Despite their potential to further contribute to the society, these women often find difficulty getting re-employed once they leave the workforce.

What can be done to encourage employers to hire homemakers who want to return to the workforce?

How can organisations in Singapore be more family-friendly to draw women back to work? Here are some suggestions.

When a position was made available in my department some months ago, I did what most managers would do — inform the human resource department to start sourcing for suitably qualified candidates for interviews.

Pressure was mounting to fill the position and no one suitable was in sight. I could neither take on the extra work nor pass it to someone else.
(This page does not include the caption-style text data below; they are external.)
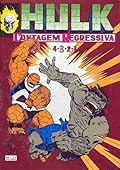 O Incrível Hulk nº 124 - Contagem Regressiva 4-3-2-1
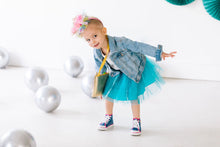 Load image into Gallery viewer, Sequin Ballerina Tutu- Taffy Pink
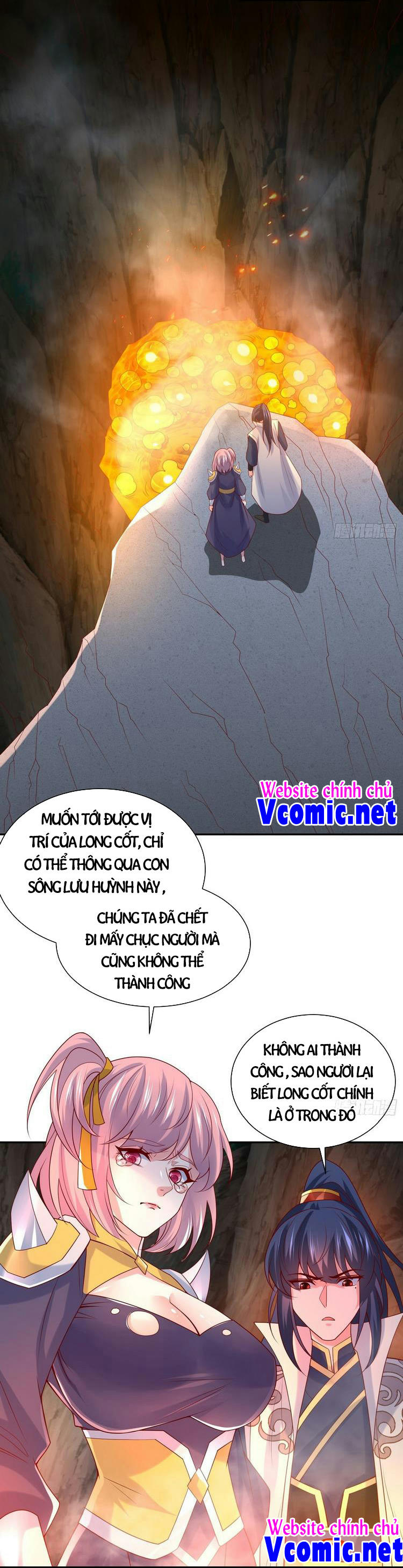 Bắt Đầu Làm Super God Bằng Việc Dạy Dỗ 6 Tỷ Tỷ Chapter 34 - Trang 37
It was then that I recalled speaking to a homemaker some time back who told me that she wanted to rejoin the workforce as her children were all in school.

Her only requirement was that she wanted a part-time job as she still wanted to care for her family. 

* Review the job scope

It would be unreasonable to expect a part-timer to do a full-timer’s job.

The secret is to focus on making work more efficient.

Managers need to differentiate between key responsibilities and routine duties. Include the value-added tasks in the part-timer’s job responsibilities and redesignate or outsource the routine ones.

There may be some inconvenience, especially when managers are comfortable having everything done in-house. But over time, people will adapt.

* Look at the potential

Employers may find the employment gaps in a homemaker’s resumé a huge deterrent.

My new colleague was a homemaker for 13 years. Instead of focusing on her limitations, I chose to identify her strengths and transferable skills from her previous work experience, and see how I could optimise them in her new job. 

* Training, training, training

If the candidate has been away from the workforce for some time, her skills could be outdated and she will require further training.

The sooner the bosses recognise this and provide the relevant training, the faster the employee will gain speed and perform better.

Although it can be time-consuming, it is crucial for the boss to closely supervise the employee in her first couple of months back on the job.

How to plan for second career

Ms Christine Ting, a senior executive for corporate services at human resource consultancy The GMP Group, was a homemaker for 13 years before she joined her current employer.

After devoting her time to nurturing her children for more than a decade, she felt it was time to prepare for the next phase of her life — returning to the workforce. However, the task seemed daunting, with several hurdles to overcome.

She has this advice for women who want a second career:

* Change your mindset

It is easy to fall into a rut when you are at home. If you want to return to the workforce, the most important thing to do is to prepare for change.

Yes, you do have many responsibilities and commitments as a homemaker, but going back to work is possible if you re-organise or re-distribute some tasks to other family members or engage professional help. 

* Step out of your comfort zone

Talk to friends about returning to work. Step out of your comfort zone by attending personal development courses, talks or seminars on subjects of professional interest.

During these events, try to talk to people and make acquaintances. These early attempts at networking will prove very useful. It is during opportunities like these that word will get around regarding your “availability”.

Read industry-related websites and/or magazines to update yourself on the latest developments in your field or the market. 

* Develop tenacity and perseverance

While the anticipation of restarting work can be exhilarating, any new environment is strange, stressful and bewildering. Give yourself time to adjust to your new environment, responsibilities and colleagues.

Keep communication lines open with your supervisor and consult him often. If the task seems too daunting, break it down into bite-sized pieces to make it more manageable.

Swallow your pride and ask a more experienced colleague to show you the ropes.

Develop tenacity and know that you can do the job if you persevere — don’t worry if everyone in the office is younger than you or more tech-savvy. 

Many talented Singaporean women put their careers on hold when their families needed them. Now that they are ready to rejoin the workforce, they form a potentially valuable talent pool that employers can draw on.